Jesús se conmovió al ver el entusiasmo de aquella gente. Por eso Jesús se olvidó entonces de sus deseos
de soledad y se deja acaparar y comer por las gentes, permite que le estorben sus planes y sus proyectos.
Comprendía que en todos ellos -junto a la curiosidad y el egoísmo- había también un deseo limpio de encontrar una verdad y un amor. Siente dolor por su ceguera y su pecado. Piedad por su abandono y su
soledad. Ternura por su pequeñez de hijos inermes. Compasión por su vida sin vida. Misericordia por su
pobre condición.

Sí, todo eso. Todo eso junto y unido. Deja atrás la cólera. No cabe en él forma de desdén. Dejaría de ser
Dios si se desinteresara. No cabría en su corazón el desprecio. Carece de capacidad para la amargura.
Sólo le queda la ternura. Lo propio de un padre. Lo característico de nuestro Dios.

El evangelio resume su reacción ante las multitudes con la palabra “compasión”. Es la ternura del que, al
sentirla, la comparte. La de quien se siente reblandecido por dentro, conmovido hasta las lágrimas, al ver
que sufren los que ama: “y sintió compasión de ellos, porque andaban como ovejas sin pastor” ¿Se ha dicho alguna vez algo más hondo sobre la humanidad? No, el hombre no es malo, ni está corrompido. Está solo, decaído, desanimado, fatigado, perdido. Vaga por la vida sin saber que vive. Vegeta en la vulgaridad porque ni tiene fuerzas para descubrir su propia grandeza. Vive como durmiendo. Por eso Jesús mira a la multitud como se mira a los niños que juegan o que duermen. Con una ternura inmensa. Como una madre que, en el sueño, se inclina sobre sus hijos, buenos y malos, porque todos son suyos. Con una ternura compasiva que le llena de lágrimas los ojos.

Bajó de la barca; subió a uno de los altozanos próximos a la orilla, se sentó “y se puso a enseñarles muchas cosas” ¿Y qué les ofrece? Lo que tiene: su poder de curación, su palabra con autoridad. No se
cansaba de anunciar el Reino. Pero les ofrece, sobre todo, un lugar de reposo: su propio corazón.

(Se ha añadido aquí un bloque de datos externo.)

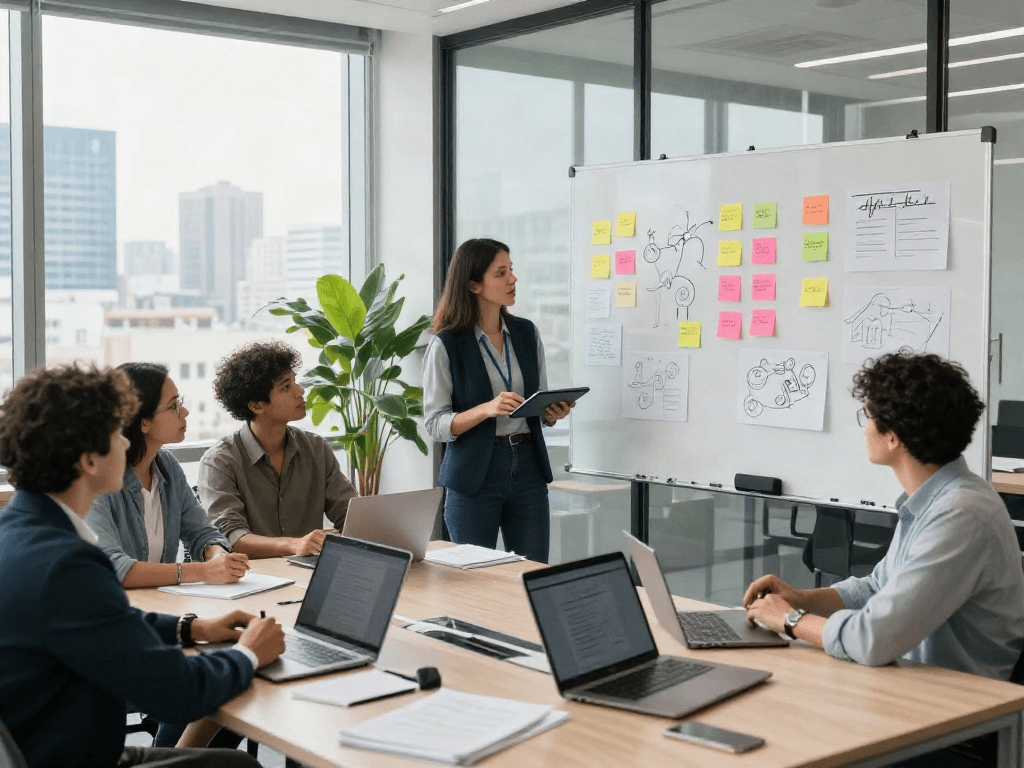 Tim profesional berdiskusi tentang cermin4d dalam ruang rapat modern.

Porque
Dios y su amor son el mayor de los milagros y la más segura de las curaciones.

Y las gentes no se fatigaban de oírle. Hablaba con un tono tan sencillo que todos le entendían. No echaba
discursos, conversaba. Iluminaba sus pequeños problemas de cada día. Y ni él ni sus oyentes se dieron
cuenta de cómo pasaba el tiempo.

Busquemos también nosotros este encuentro con Jesús y digamos con San Juan de la Cruz:

“Gocémonos, Amado,
y vámonos a ver en tu hermosura
al monte o al collado
do mana el agua pura;
entremos más adentro en la espesura”.